Lowe’s has agreed to buy Orchard Supply Hardware for approximately $205 million on the same day Orchard Supply filed a petition for Chapter 11 bankruptcy.
The purchase agreement would enable Lowe’s to expand through a new store format and reach a new customer base in California with the addition of Orchard Supply’s smaller-format metro store locations. Lowe’s plans to have Orchard Supply operate as a separate, standalone business, retaining its brand under the leadership of Orchard Supply’s current management team.
Based in San Jose, Calif., and with fiscal 2012 annual revenue of $657 million, Orchard Supply operates 91 neighborhood hardware and garden stores, primarily located in densely populated markets in California. Under the terms of the transaction, Lowe’s would acquire at least 60 of these stores based upon further due diligence on the locations.
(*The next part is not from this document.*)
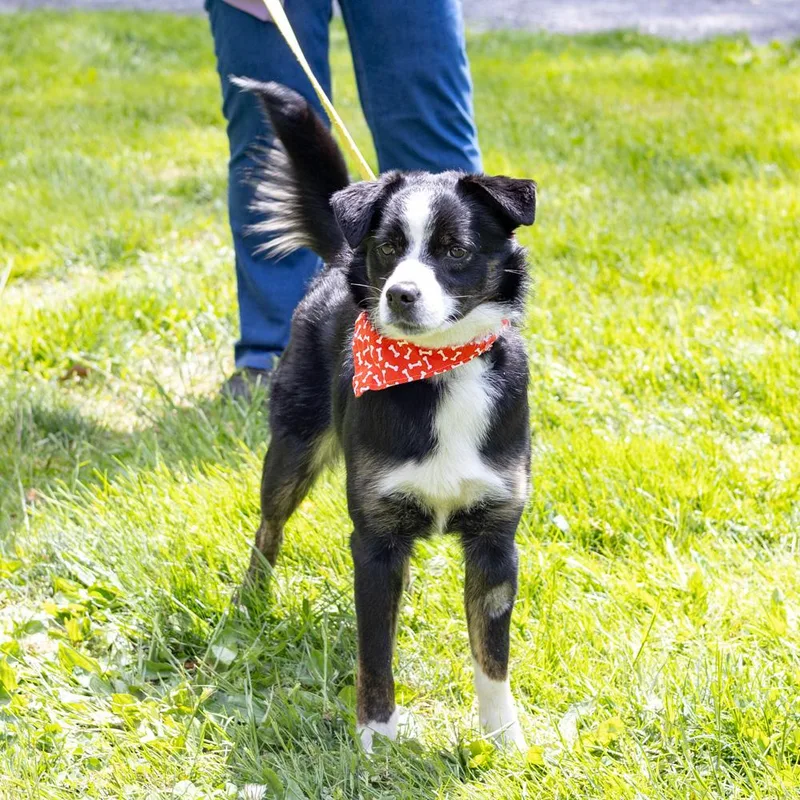 Graham  Male  thumbnail 5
On average, the Orchard Supply stores, which offer a product selection focused on paint, repair and backyard categories, include approximately 36,000 square feet of selling space, compared to 113,000 square feet of selling space for an average Lowe’s home improvement store. Lowe’s currently operates 110 stores in California.
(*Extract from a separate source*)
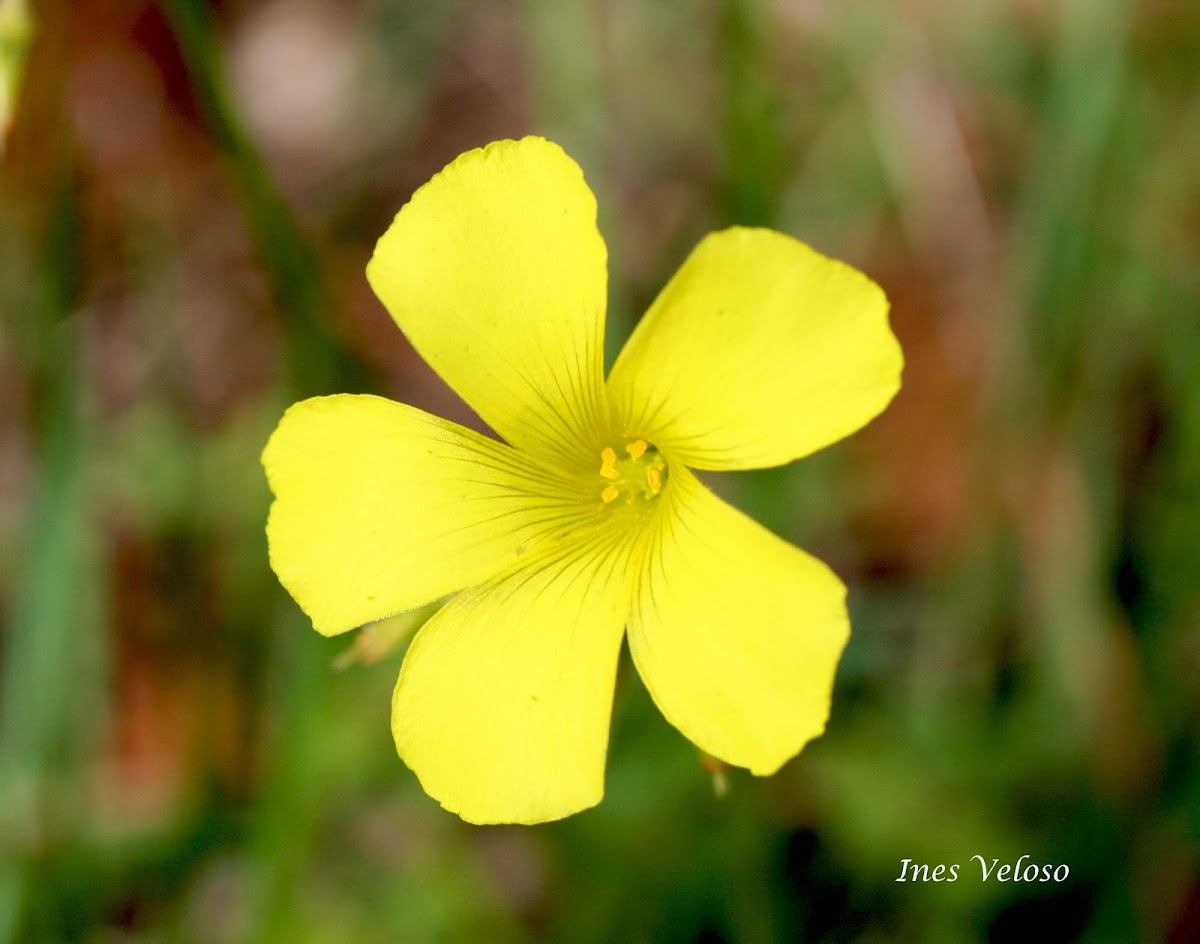 Bermuda Buttercup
“Orchard’s neighborhood stores are a natural complement to Lowe’s strengths in big-box retail, offering smaller-format hardware and garden stores catering to the needs of local customers,” said Robert A. Niblock, Lowe’s chairman, president and CEO. “Strategically, the acquisition will provide us with immediate access to Orchard’s high-density, prime locations in attractive markets in California, where Lowe’s is currently underpenetrated, and will enable us to participate more fully in California’s economic recovery.”
Because of Orchard Supply’s petition for bankruptcy under Chapter 11 of the U.S. Bankruptcy Code in the U.S. Bankruptcy Court for the District of Delaware, the transaction is subject to an auction and Bankruptcy Court approval. Orchard Supply’s agreement with Lowe’s will serve as the “stalking-horse bid” in the auction process, allowing Orchard Supply to avoid low bids on its assets from any other potential buyers submitting competing bids.
Under the terms of the agreement, Lowe’s would receive a termination fee of 3 percent of the purchase price should it not be successful in acquiring Orchard Supply’s assets in approximately 90 days. In addition, subject to court approval, for an alternative bidder to be successful, it must outbid Lowe’s by a minimum of $12 million, representing $5 million in addition to the termination fee and an expense reimbursement of $850,000.